Kind of; collections are just a feature of CQL, so anything that speaks CQL can use collections. Unfortunately, not a lot of things support CQL that well at the moment but DataStax is creating a Java driver that makes heavy use of CQL.


Matt’s Recommendation: “I’d like to see this as more of a programatic API level feature, instead of it just being in CQL. But that’s just my preference in preferring programatic APIs to text based APIs. Like CQL, where I have to join text together to do my queries or do my writes”


Are there different kinds of collections?

Yes, the standard collection types are Sets, Lists, Maps.

• Sets: No ordering or duplicates

• Lists: Order and allows duplicates

• Maps: Map a key to a value



What problems do Vnodes address?

Historically, it was best to double the size of your Cassandra cluster when expanding. If you originally had 4 nodes, visualize them on a clock in equal positions: 12, 3, 6, & 9. By doubling your cluster, these new nodes would also appear in equal positions: 1:30, 4:30, 7:30, 10:30.  By doubling, you’ve prevented the original nodes from having to fully move; the new nodes just take some of the load from the existing nodes directly next to them. Here lies the problem: if you have 20 nodes and want to add just 1 node, you’ll need to move all 20 nodes in sequence, one after the other, so that they are equally spread. This takes time. In addition, Cassandra historically had an issue where if you let a cluster redline, when all of your IO is being used, and then you tried adding/removing nodes, it made things worse before they became better.


Vnodes solves the problem stated above by, when adding or removing a node from the cluster, instead of only being able to only talk to the nodes that are near you, you can talk to all of the nodes in the cluster and can even pull a small amount of information from each of them.  This avoids an overload on the cluster when you’re adding/removing nodes; with Vnodes, the load can be spread across the entire cluster and save you time.


*Listen to the entire podcast for an in-depth explanation on how Vnodes solves the problems stated above

How far back can one upgrade from, when upgrading to 1.2 and am I required to use Vnodes? 

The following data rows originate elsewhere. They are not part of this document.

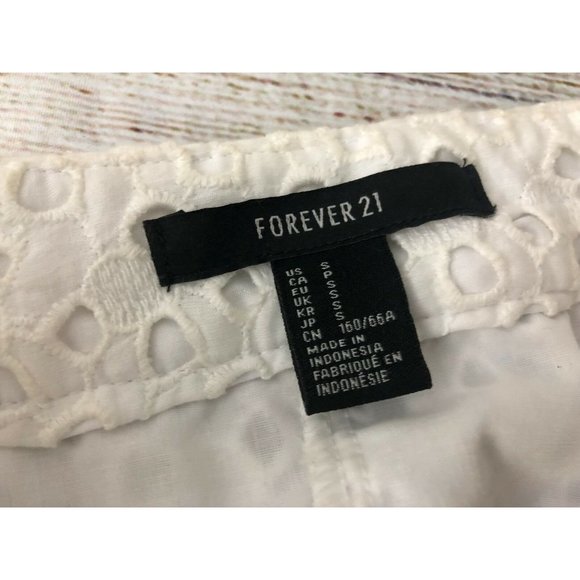 Forever 21 Short Shorts White Small Eyelet Polka Dot Flat Front Pattern Womans - Picture 4 of 6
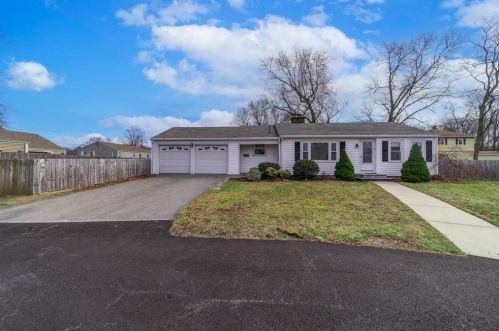 14 Pratt Cir, Warwick, RI 02888 exterior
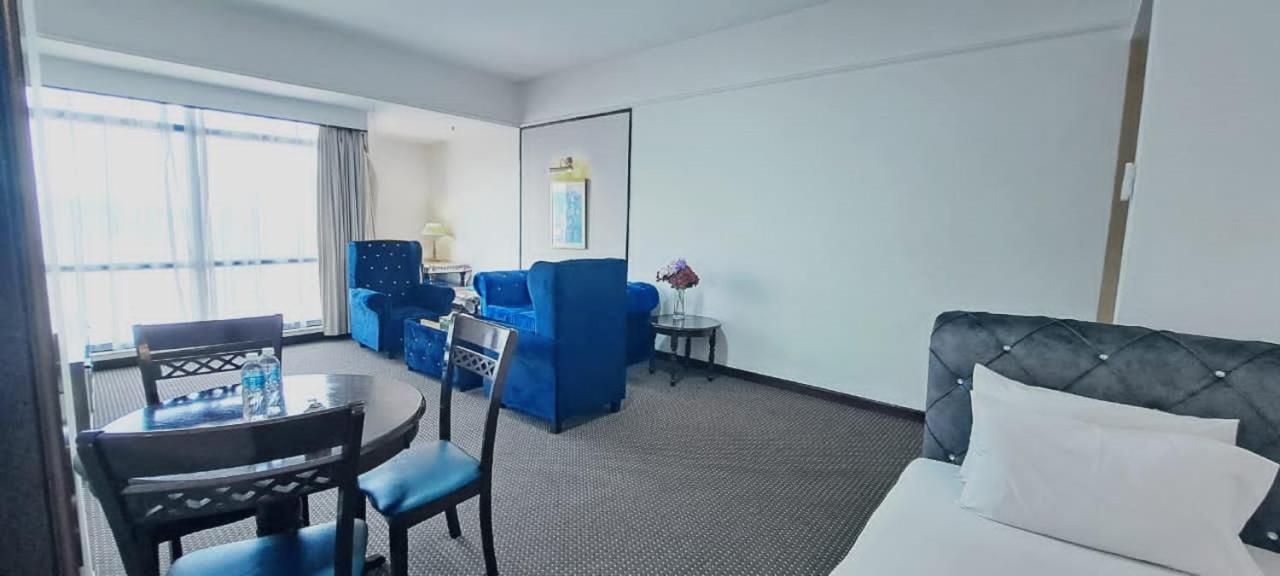 Victory Apartment Berjaya Times Square Kl Куала Лумпур Екстериор снимка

You can always stepwise upgrade from the previous versions to the current version. In 1.2 you aren’t required to utilize Vnodes, as it is turned off by default; this makes it easy for those upgrading and looking to take advantage of other 1.2 features without messing with Vnodes.


Any best practices with Vnodes, when going from a pre-1.2 implementation to 1.2?

Matt’s Recommendation: “At least right now, until Vnodes are tested a bit more, it’s best to start them on a new cluster then it is to upgrade an existing cluster to Vnodes. However, there is documentation (http://www.datastax.com/docs/1.2/install/upgrading) to do that but I recommend running it in a test environment before considering full production. It’s supposed to work but it’s rather new and it touches many parts of Cassandra, increasing the risk. Be cautious in your production systems.”